RTX 4060 Tiの立ち位置は、RTX 4070とRTX 4060の丁度中間に位置します。性能は下位モデルのRTX 4060を上回り、フルHD解像度をハイフレームレートでプレーしたいゲーマーに最適なビデオカードです。
もちろん、最新のDLSS3にも対応しているので、対応ゲームではさらにゲームのフレームレートを押し上げることが可能です。

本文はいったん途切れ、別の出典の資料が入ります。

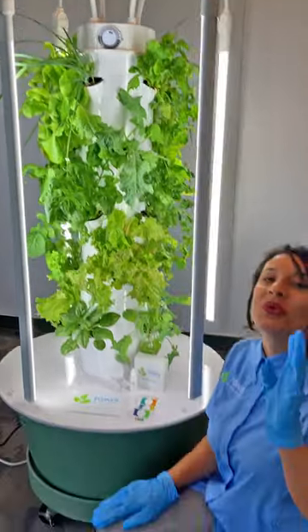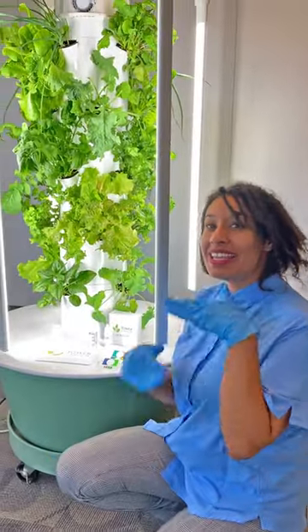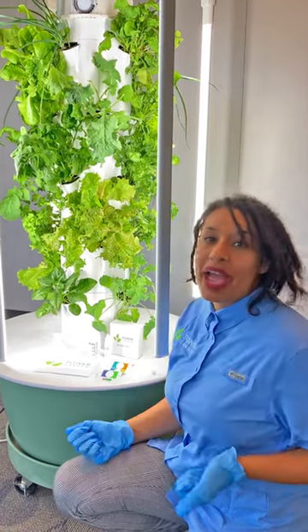Psst! Down here! Hello! Hey! It's me, Katie, with Tower Garden, back with another helpful tip.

今回の記事ではRTX 4060 Tiの特徴、ゲーム性能を解説し、最後におすすめのゲーミングPCを紹介します。
RTX 4060 Tiとは
RTX 4070 | RTX 4060 TI | RTX 4060 | |
---|---|---|---|
CUDAコア数 | 5,888 | 4,352 | 3,072 |
ベース/ブーストクロック | 1920MHz / 2475MHz | 2,310MHz / 2,535MHz | 1,830MHz / 2,460MHz |
標準メモリ構成 | GDDR6X 12GB(192bit) | GDDR6 8GB/16GB(128bit) | GDDR6 8GB(128bit) |
レイトレーシングコア(RTコア) | 46(第3世代) | 34(第3世代) | 24(第3世代) |
Tensorコア | 184(第4世代) | 136(第4世代) | 96(第4世代) |
NVIDIAアーキテクチャー | Ada Lovelace | Ada Lovelace | Ada Lovelace |
NVIDIA DLSS | 3 | 3 | 3 |
NVIDIA Encoder(NVENC) | 第8世代×1 | 第8世代×1 | 第8世代×1 |
AV1エンコード/デコード | 〇/〇 | 〇/〇 | 〇/〇 |
グラフィックスカード電力(W) | 200 | 160(8GB)/165(16GB) | 115 |
システム電力要件(W) | 650 | 550 | 550 |
必須の電源 | 8ピン×2(×1の場合も)または300W以上の12VHPWR×1 | 8ピン×1または12VHPWR×1 | 8ピン×1または12VHPWR×1 |
参考価格 ※2024年4月現在 | 約83,000円 | 約58,000円(8GB版) 約68,000円(16GB版) | 約43,000円 |
CUDAコア数を見てわかる通り、RTX 4060 Tiのスペックは上位モデルのRTX 4070と下位モデルのRTX 4060の丁度中間に位置しています。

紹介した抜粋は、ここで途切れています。